Overconfidence is generated precisely because of the ease with which we perform a task and therefore we pay less attention to what we are doing, this can culminate in an accident.

Such is the case of the very experienced worker who has worked for many years in a plant and thinks that he knows the unit very well. One day he is sent to take a part of the pipe or “brake a line” and the worker assumes that there is no product in it, he does not check with the operators or process engineers and takes the decision to “brake a line”, guess what? Exactly, the pressure of the product in the tank that was connected to the pipe, forces the product to go through the pipe removed and splashes the worker causing severe burns.

Do not assume anything, you always should ask!

Here you will find a good article about how the overconfidence can generate accidents.


Some Tips to Reduce Overconfidence



Always pay attention to what is indicated in the security meetings and do not hesitate to ask any questions, in security matters no question is silly.

Be alert for any indications of workplace safety, any signs, barricades, locks and tagging.

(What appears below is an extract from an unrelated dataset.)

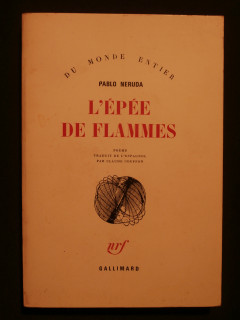 L'épée de flammes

Coordinate with operations personnel to verify that no operations or other types of tests are performed


I hope that we really value the work of these great men and women who are engaged in these riskier jobs, I hope that employers really care to train the employees and make the working conditions as safe as possible, that bosses understand that a life has more value than a delivery time and that the workers themselves assume the commitment to always watch over their safety and the safety of their colleagues.

What can I do as an employee or employer to make my work safer?

What experiences have you had and what advice would you give to other workers?